What you return must match, exactly, the lines running from the one containing "Iconic Cropped Hoodie" to the end of the data, both included, and must contain no pictures.

Captioned web images:
◆ ◆ ◆ ◆

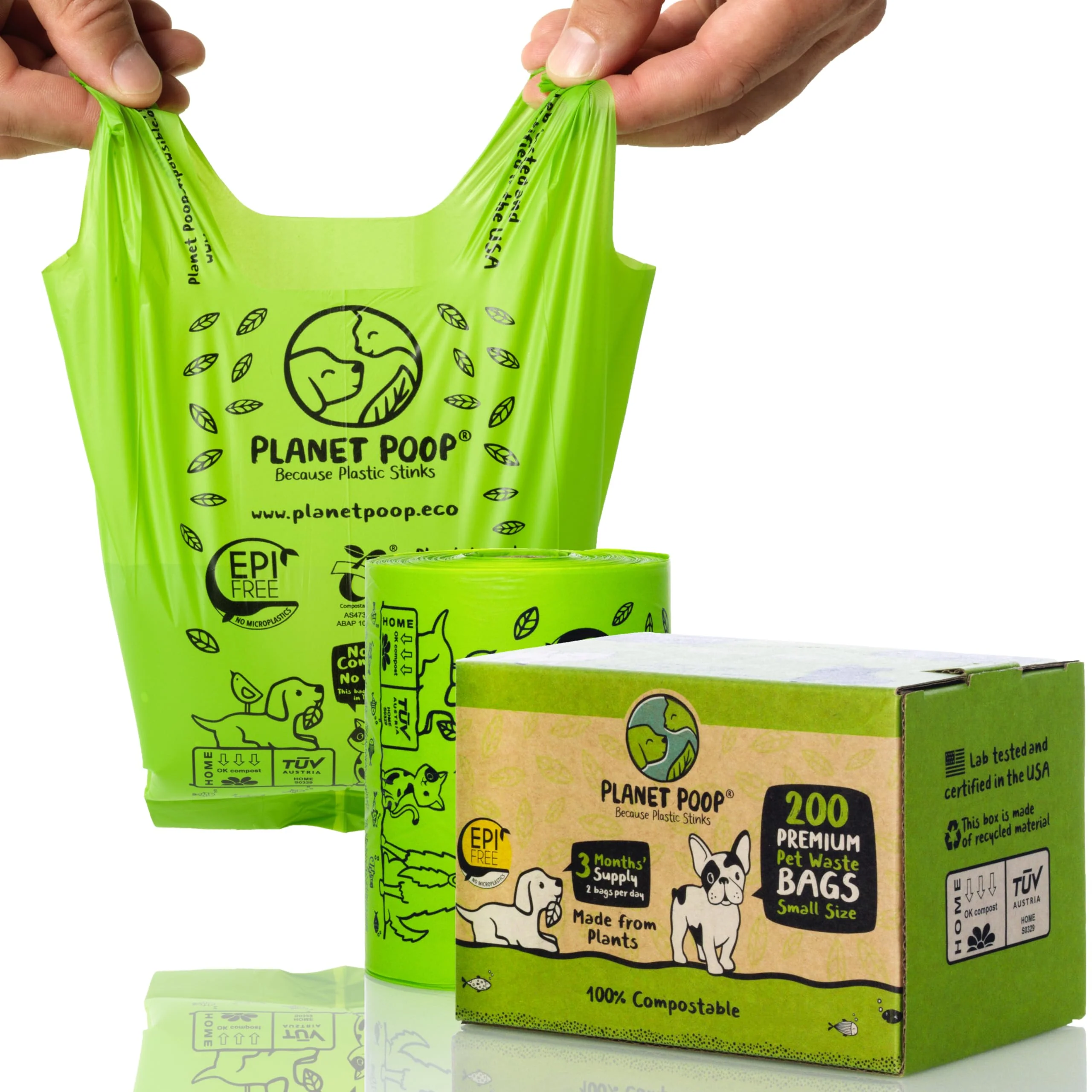 Responsible Planet Poop Compostable Dog Poop Bags – 200 Mini Roll Biodegradable Leakproof with Handles Environmentally Friendly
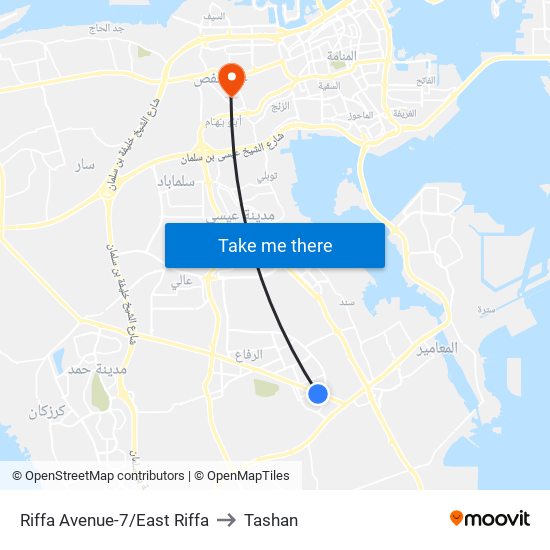 Riffa Avenue-7/East Riffa to Tashan map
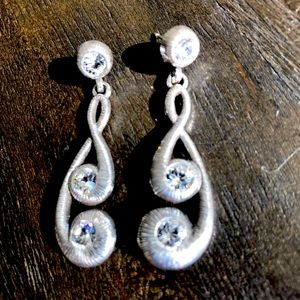 Brighton Slvr Plated jeweled statement earrings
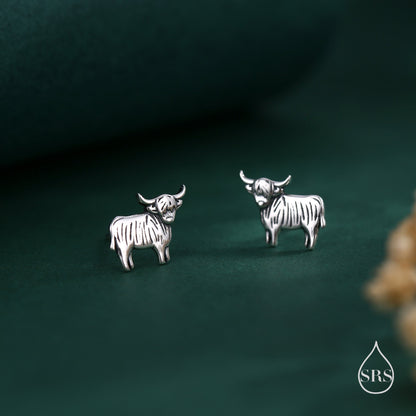 Small Pair of Highland Cow Stud Earrings in Sterling Silver, Silver or Gold or Rose Gold, Cute Bull Earrings, Cow Earrings, Scottish Design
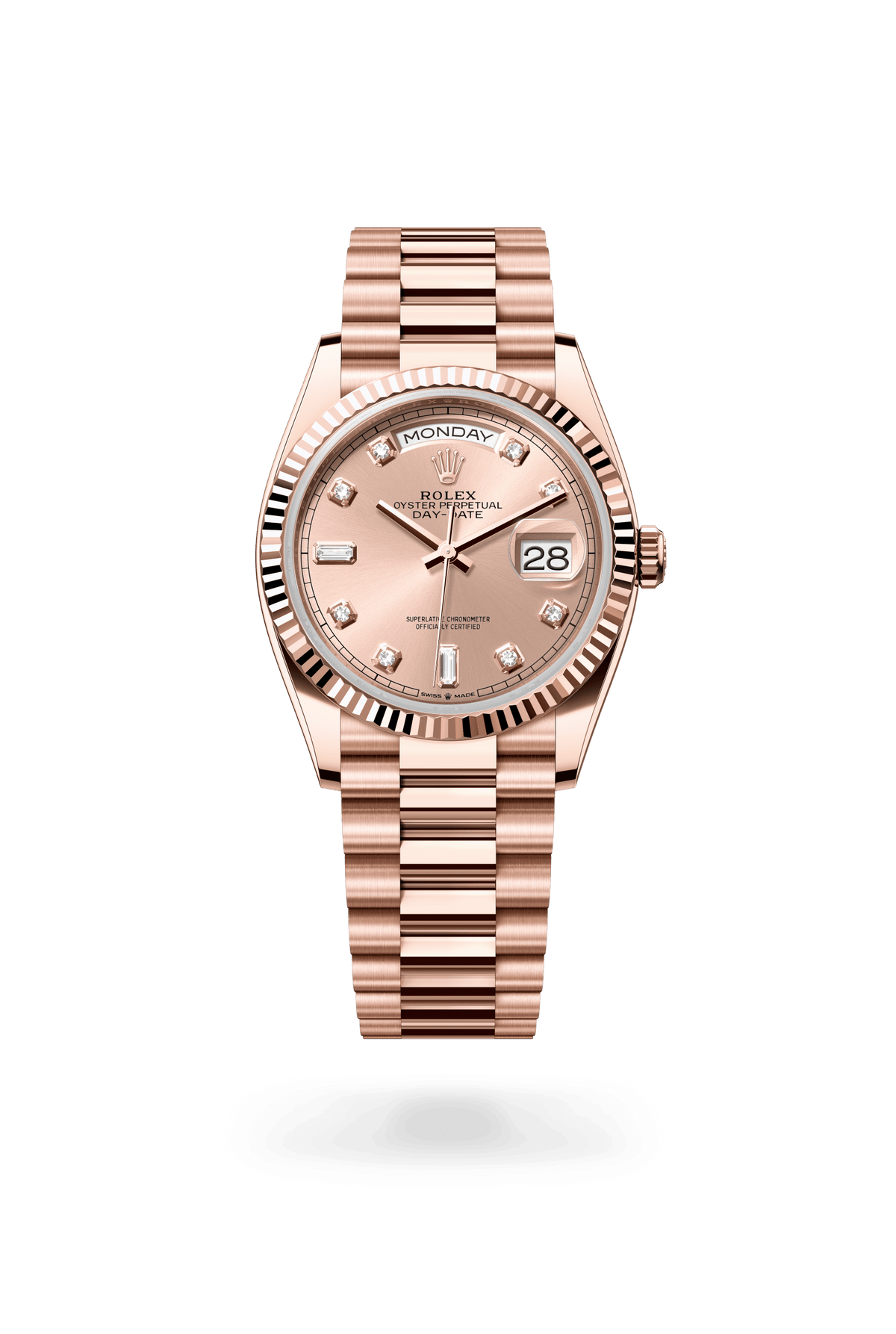 Day-Date 36, Oyster, 36 mm, Everose-goud, Wijzerplaat : Rosékleurig bezet met diamanten, Rolex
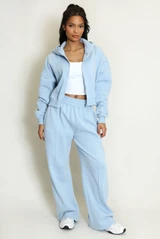 Iconic Cropped Hoodie And Wide Leg Jogger Set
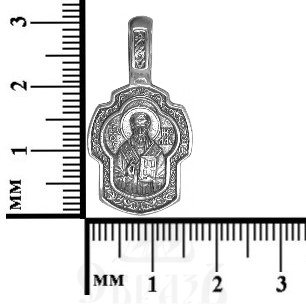 нательная икона свт. николай чудотворец, серебро 925 проба (арт. 30-405-сч)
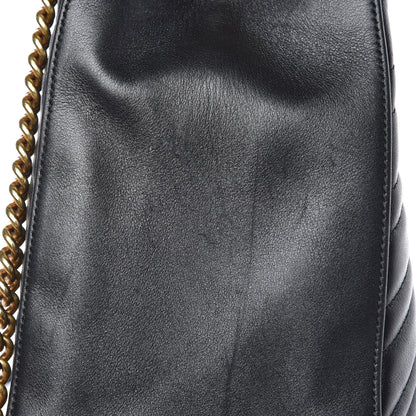 Gucci Calfskin Matelasse Medium GG Marmont Shoulder Tote Bag Black 13 of 14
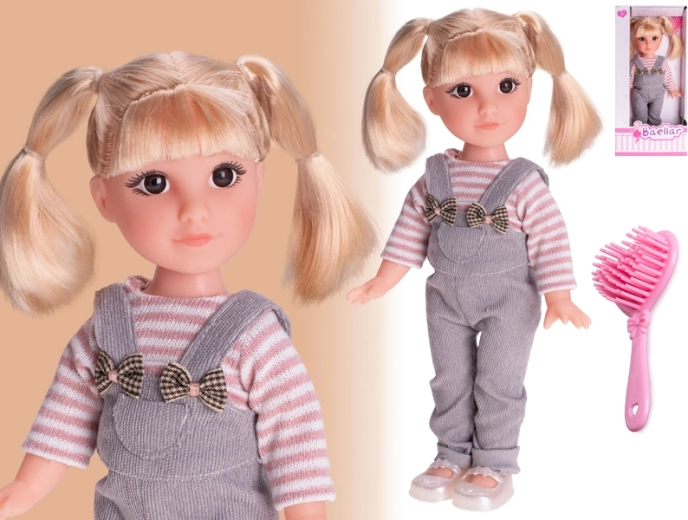 Muñeca de moda con pelo rubio largo 30 cm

◆ ◆ ◆ ◆

• [The completed task]:
 Iconic Cropped Hoodie And Wide Leg Jogger Set
 нательная икона свт. николай чудотворец, серебро 925 проба (арт. 30-405-сч)
 Gucci Calfskin Matelasse Medium GG Marmont Shoulder Tote Bag Black 13 of 14
 Muñeca de moda con pelo rubio largo 30 cm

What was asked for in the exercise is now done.